The research focuses on homogenization methods and multiscale models, which enable to predict the influence of the micro-structure on the macroscopic or engineering properties. The research activities concern several classes of composite materials (with continuous, long or short fibers, with particles or platelets), porous materials, multiscaling-based ICME (integrated computational materials engineering), damage and failure models, high cycle fatigue, model reduction based on machine learning methods.
The homogenization and multiscaling approach achieves several targets of scientific and industrial importance.
The approach allows insight into materials and to systematically understand mechanisms that dominate the macroscopic material properties arising from the microscopic composition.
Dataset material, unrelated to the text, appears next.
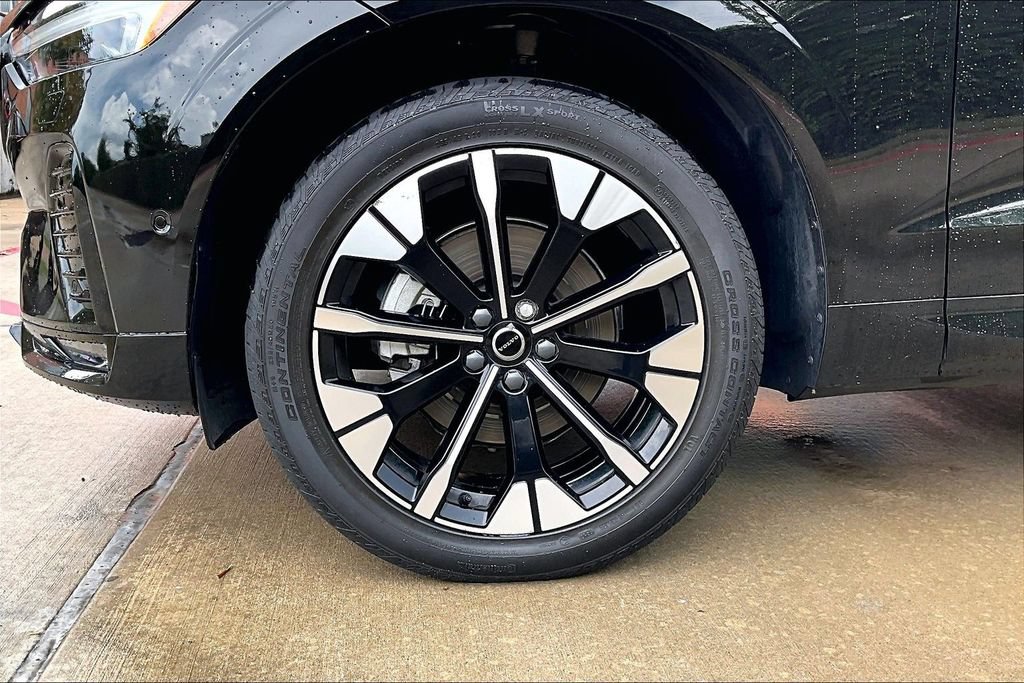 Certified 2026 Volvo XC60 B5 Plus AWD/4WD image 11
Based on this understanding, it is possible to further identify promising candidates for new composite materials, thereby reducing the amount of experimental effort needed. This helps to save money and reduce the time required to develop new materials.
In industrial applications the approach supports the design of composite structures by providing high quality micromechanical material models that can be used in integrative simulations to describe the performance of the part in the best way possible.
The approach also enables to identify unknown in-situ per-phase properties following a reverse engineering strategy. Thus, the unknown constituents’ parameters are varied in a characteristic physical range to match the global performance of the material as observed in anisotropic measurements.